### Input material
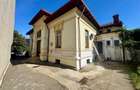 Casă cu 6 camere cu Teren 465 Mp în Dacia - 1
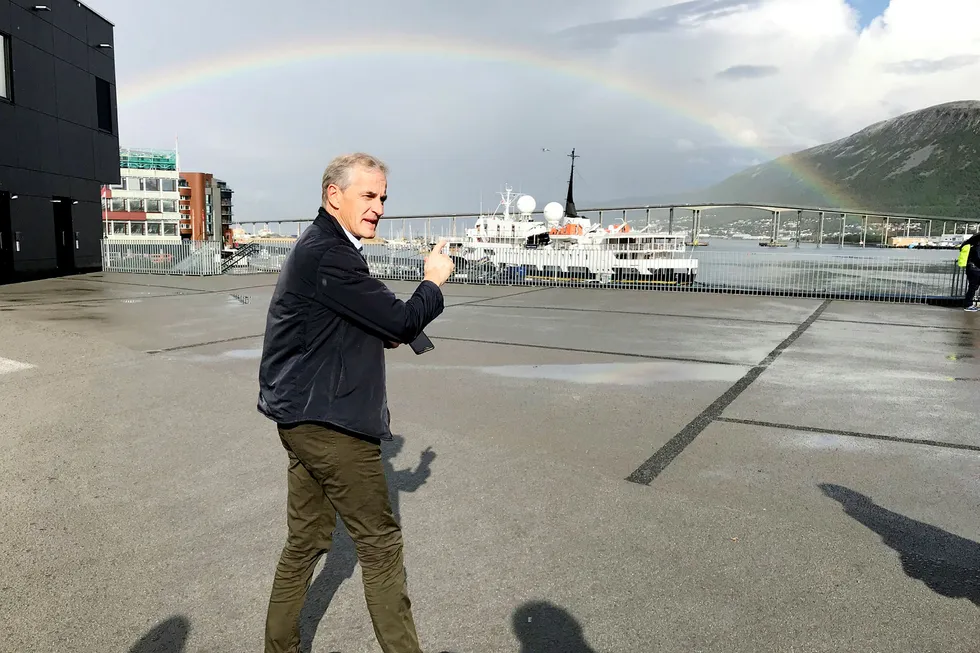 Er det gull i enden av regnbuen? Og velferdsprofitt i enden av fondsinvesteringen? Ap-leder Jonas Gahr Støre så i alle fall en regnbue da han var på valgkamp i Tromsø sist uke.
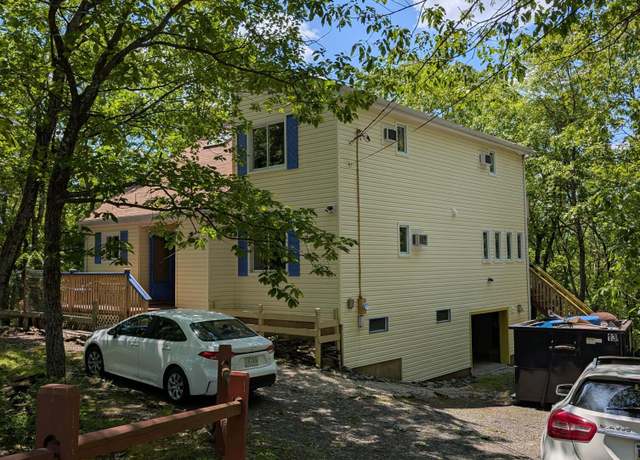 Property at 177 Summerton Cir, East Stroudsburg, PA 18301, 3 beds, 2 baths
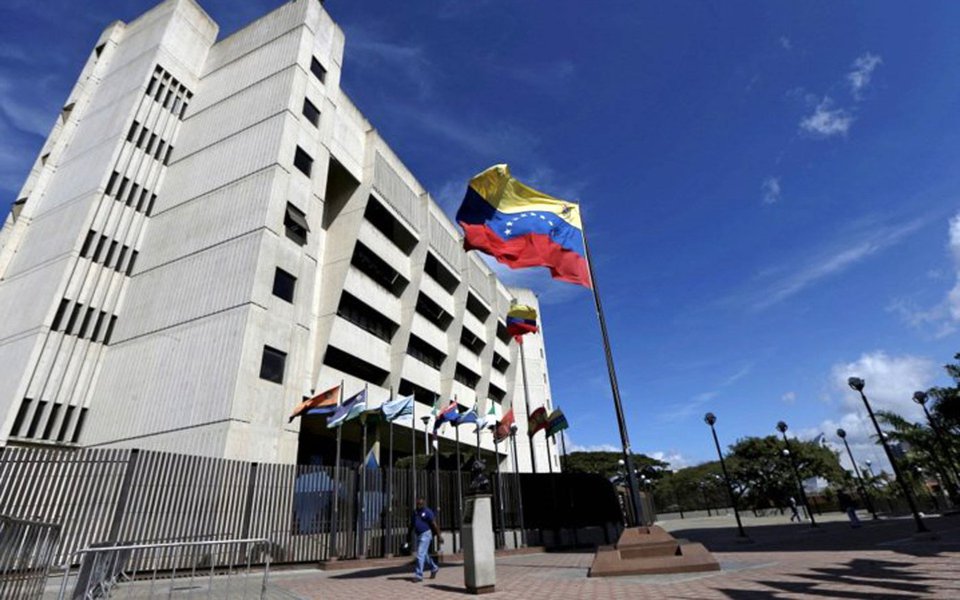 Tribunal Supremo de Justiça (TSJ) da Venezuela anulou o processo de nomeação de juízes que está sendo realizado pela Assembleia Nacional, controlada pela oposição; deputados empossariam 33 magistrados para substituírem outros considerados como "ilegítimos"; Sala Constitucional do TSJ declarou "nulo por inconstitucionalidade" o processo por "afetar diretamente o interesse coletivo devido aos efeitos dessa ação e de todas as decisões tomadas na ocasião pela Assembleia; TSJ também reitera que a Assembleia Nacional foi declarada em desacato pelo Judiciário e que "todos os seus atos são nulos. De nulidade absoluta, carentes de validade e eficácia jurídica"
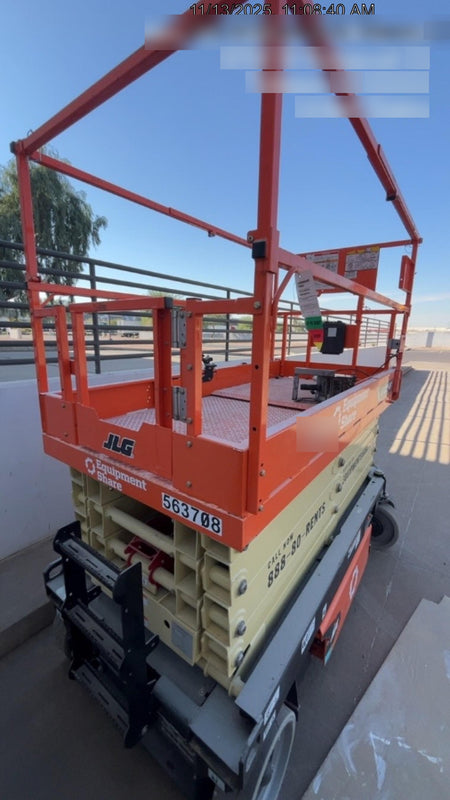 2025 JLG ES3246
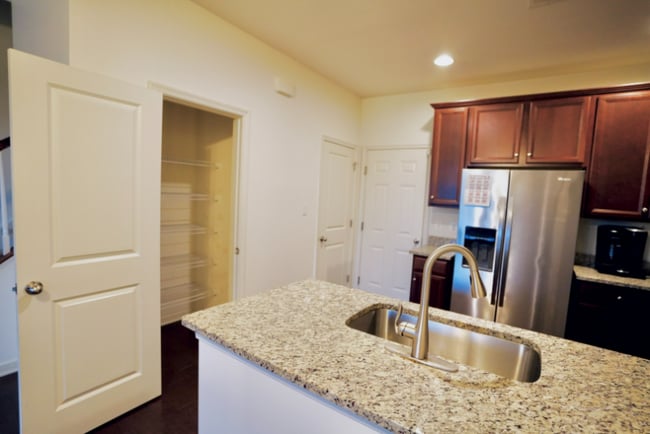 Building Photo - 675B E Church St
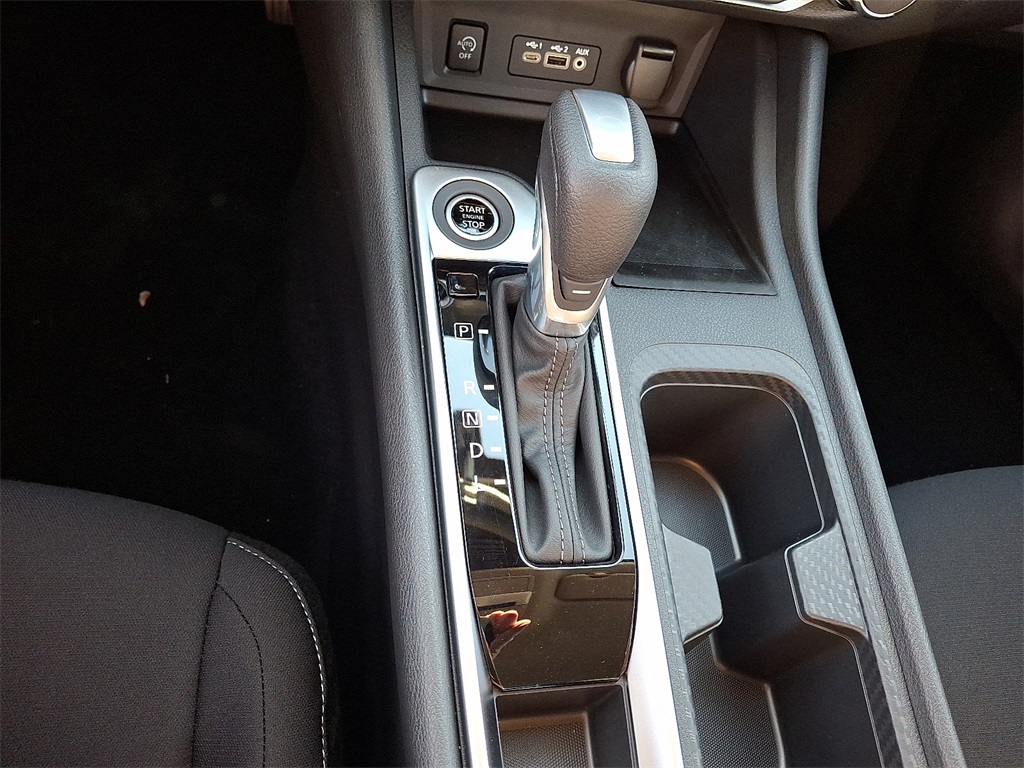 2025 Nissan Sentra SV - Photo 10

* * *

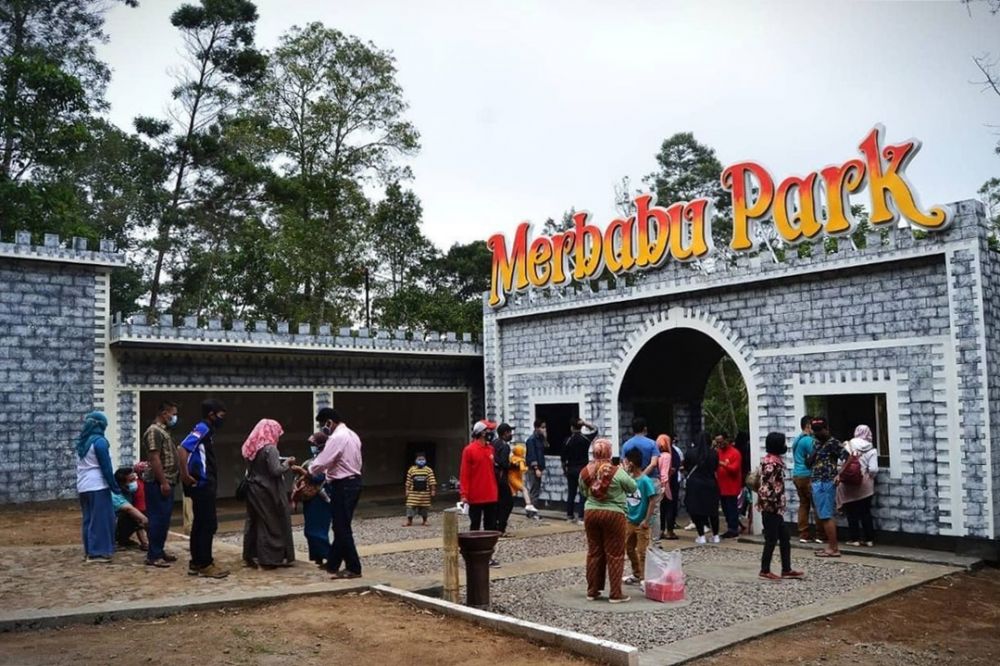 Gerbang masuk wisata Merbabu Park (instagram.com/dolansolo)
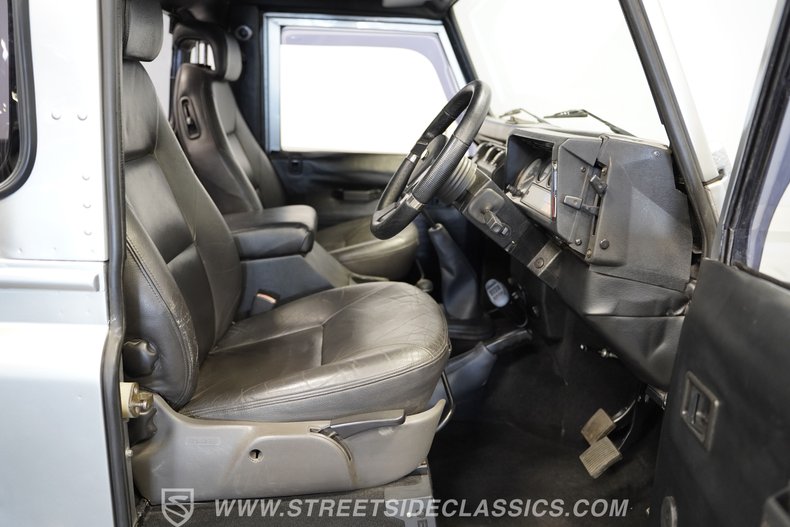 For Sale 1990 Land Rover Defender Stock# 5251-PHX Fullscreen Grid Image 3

### Work to be completed
In the listing above, find the line with "Building Photo - 675B E Church St" and the line with "2025 Nissan Sentra SV - Photo 10". Transcribe those two and everything between, exactly, leaving out pictures.

### Exercise result
 Building Photo - 675B E Church St
 2025 Nissan Sentra SV - Photo 10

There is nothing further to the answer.